When you tell someone that one of your parents is a narcissist, most people don’t really understand how big of a deal that is. They probably assume that you mean they spend a lot of time looking in the mirror, or perhaps trying to make everything about them, but that’s just not how it works.
Of course, I think the idea of having a narcissistic parent or partner is becoming more mainstream, thanks to the age of mental health openness and all us millennials blogging about our problems.
I grew up under the hand of a man who was controlling, but not just in the “Here let me do it” kind of way. In the, “You act, speak, live, dress and feel only how I tell you. If you don’t, not only will I lash out, put you down and punish you, but I will make sure everyone else feels that way about you too.”
I was never good enough unless I achieved perfection, which was defined by a standard that was unachievable. Not because I didn’t want to be that perfect person for him, but because I just didn’t have the ability to be that person. I wasn’t smart enough, talented enough, strong enough, fast enough; I had too many of my own ideas, too much of a backbone.
As a child, before I hit puberty, I was an angel. I was easily molded, manipulated and crafted into the perfect child. I didn’t have the nerve to fight back or to question his authority, and that meant peace, for me, was usually possible. As long as I behaved well, made him look good, and didn’t question him, I was the picturesque little girl.
But, as I grew up, I started to feel the wrath of breaking outside of his ideal mold. His fits of rage over small moments were unpredictable, yet strangely predictable. He would resort to physical violence if he felt raising his voice wasn’t enough to make a point. He’d throw things, break things, take things, do whatever he could to prove he was not only the alpha, but he really didn’t appreciate you making him feel less than the perfect man he thought he was.

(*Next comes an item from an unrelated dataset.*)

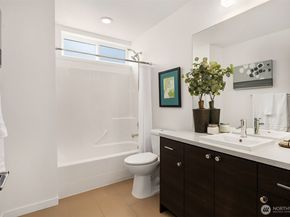 909 29th Avenue S, Seattle WA 98144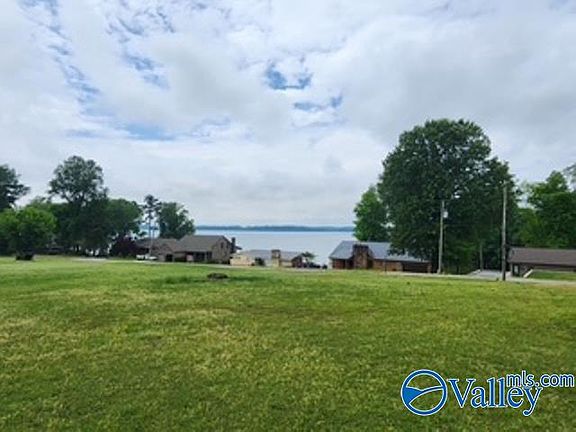 2nd image of 14652 Dogwood Cir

Once I got to the age where I could tell I didn’t deserve to be treated that way, my parents were already separated. I had weekend visits, and it got to the point where I didn’t want to go anymore. He didn’t respect me, he didn’t respect my siblings, and I didn’t want to be around someone who felt the only way I could gain his love was if I fit into his ideals of perfection. It was his way, or the highway.
And I chose the highway.
At the age of 15 I was disowned by not only my father, but by all of his family. They resented me, cut me out of holiday gatherings, and I was no longer supported by any of them. I was fortunate to have a mother who didn’t let his vicious ways beat her down, and an amazing boyfriend who kept me sane during a time in my life that was very, very hard to understand.
I had fallen from grace. I was no longer this cherished person, but someone cast aside because I dared to have my own voice. I had been demoted from the daughter he was proud of to, “Oh, her? We don’t talk about her.” At 15, that’s a hard realization to grasp.

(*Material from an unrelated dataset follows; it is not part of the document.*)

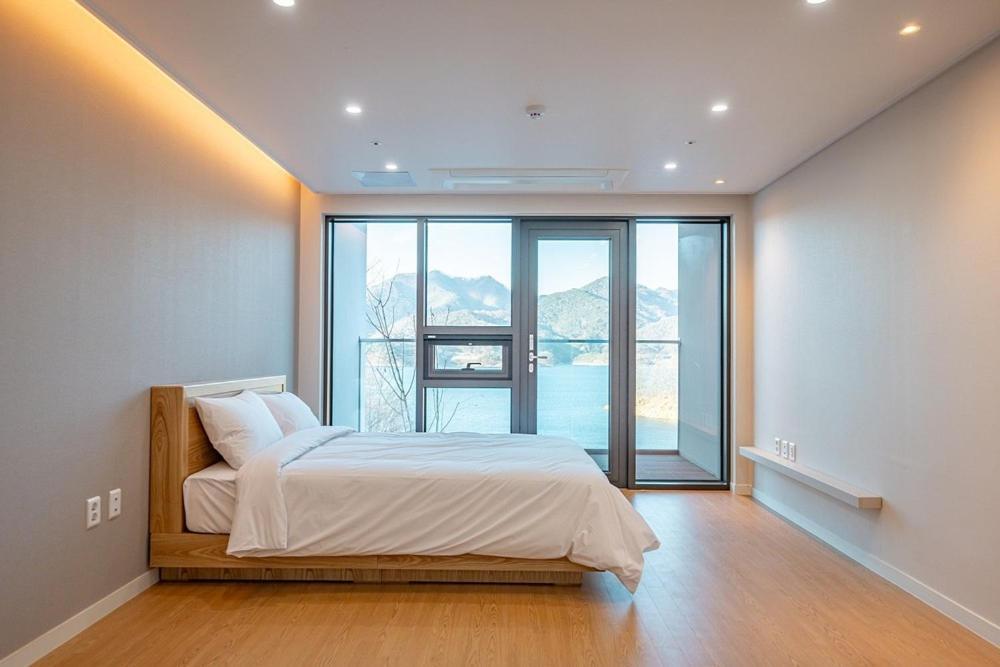 Jecheon The Shine Cheongpung Hotel Room photo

This story line is, of course, just a small snippet of what life was like with him. There’s not enough space in the internet world to write down every moment he put me and my family through. But, I think it’s something that if you grew up with a parent like this, or have dated someone who is like this, you just get it. I don’t need to give you details, you just know that feeling.
You understand the fear that came from them coming home after work and not knowing how they were going to respond. Were they happy, sad, mad? Should I give them space, or should I approach them like any normal person would?
You understand the relief, happiness and guilt you felt when you knew they were leaving for a business trip and wouldn’t be home for a week. Knowing for one week, you could relax, sit back, and do your best to not stress every moment they were gone. There was a part of you that was happy they were gone, but at the same time, you had become so dependent on them telling you how to be and what to do, that it almost felt wrong not having them there.
You just get how everything you say, do, and believe is scrutinized, picked apart, and destroyed. How nothing you do will ever be good enough, because even when you’ve finally gotten to the top of the summit, you didn’t do it just right.
Most of all, you just know the feeling of the life draining negativity that radiated from their presence, and the long road to recovery that comes from suffering through that for years. The unconscious reactions to seemingly normal moments that create issues in relationships, both romantically and platonically.
For those of you who dealt with it as a child, you know just how much living under a roof with that person day in and day out has shaped your view on the world. My mental health would be in a much different state if I had grown up in a family without that daily turmoil and stress.
But there is just something about knowing that if none of this had happened, I wouldn’t have the skills, knowledge and strength that I have today. So as much as I hated what he put me and my family through for years, I almost have to thank him. He taught me a valuable lesson of how to stand strong for what I believe in when it would have been easier to cave; he showed me the kind of person not to be.
And that’s the biggest reason I can find to be thankful.